▶ [The task]:
Pictures appear among the records below and must be omitted. Repeat exactly the lines from the line with "Klokkerholm 95393275 - Система" to the line with "Repair Mask) 200 ml", both included.

▶ [Data]:
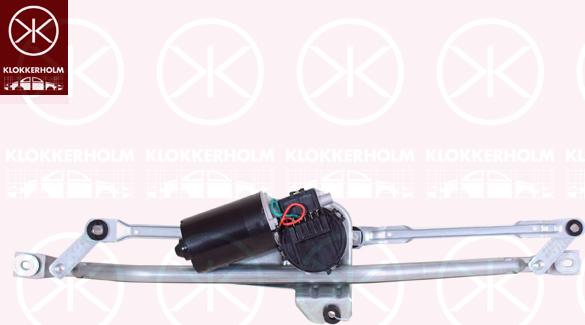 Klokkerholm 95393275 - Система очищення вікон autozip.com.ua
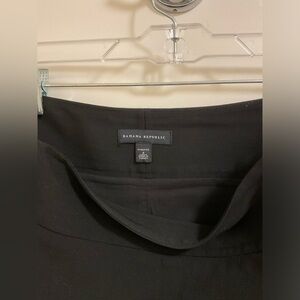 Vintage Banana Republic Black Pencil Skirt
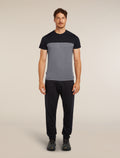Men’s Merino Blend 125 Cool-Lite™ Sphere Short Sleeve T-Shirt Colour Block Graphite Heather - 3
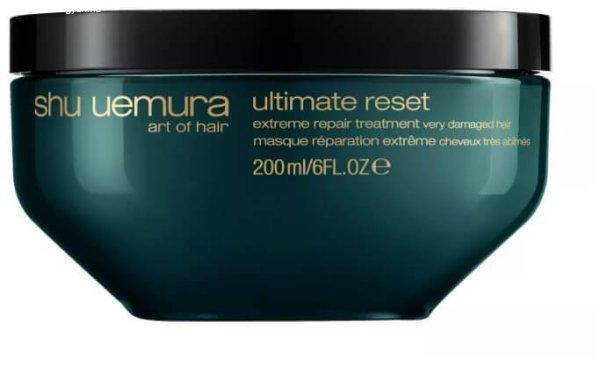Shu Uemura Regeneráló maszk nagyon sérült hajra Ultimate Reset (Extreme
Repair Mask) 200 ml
--
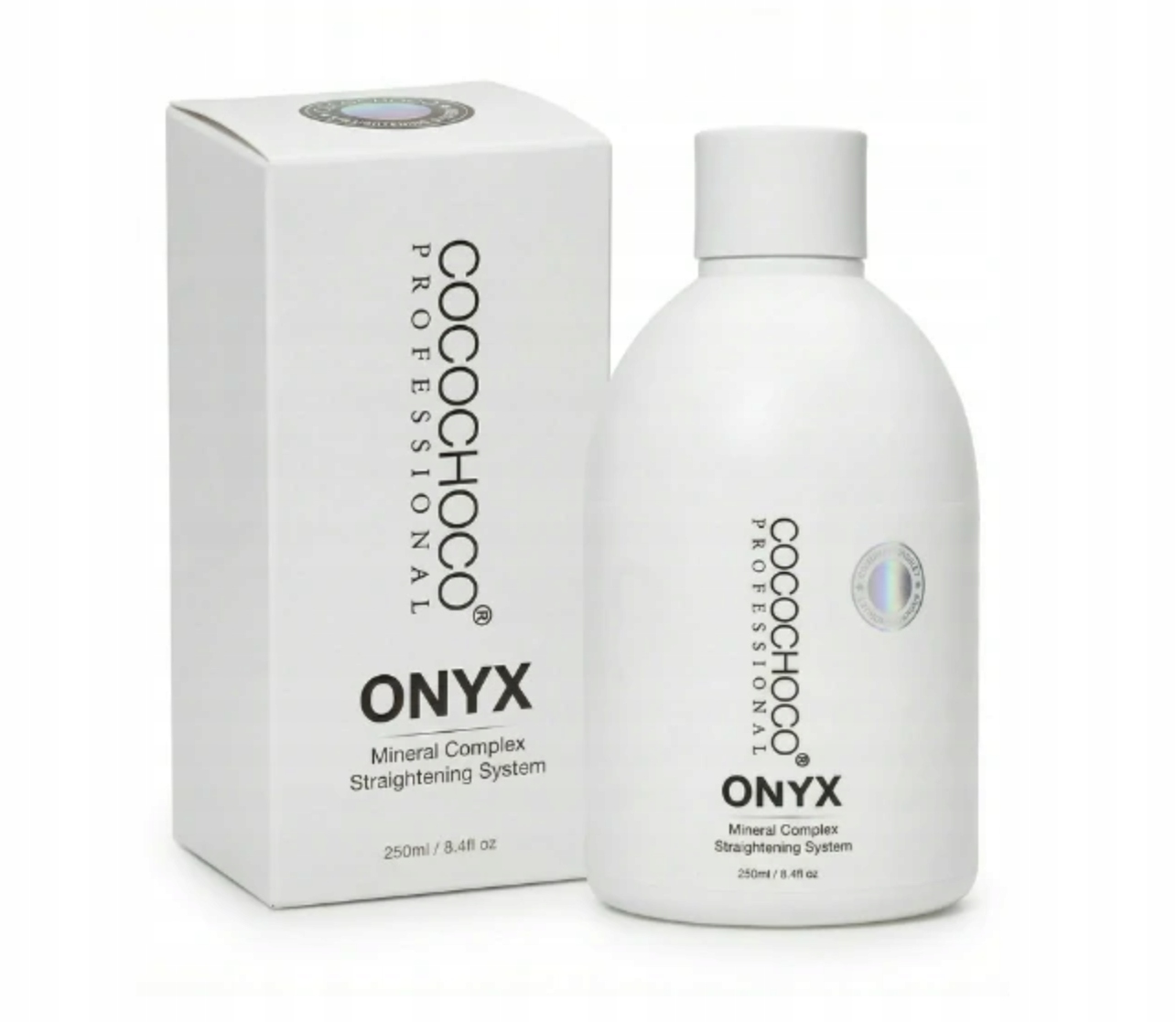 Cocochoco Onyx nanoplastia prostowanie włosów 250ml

▶ [Task output]:
 Klokkerholm 95393275 - Система очищення вікон autozip.com.ua
 Vintage Banana Republic Black Pencil Skirt
Men’s Merino Blend 125 Cool-Lite™ Sphere Short Sleeve T-Shirt Colour Block Graphite Heather - 3
Shu Uemura Regeneráló maszk nagyon sérült hajra Ultimate Reset (Extreme
Repair Mask) 200 ml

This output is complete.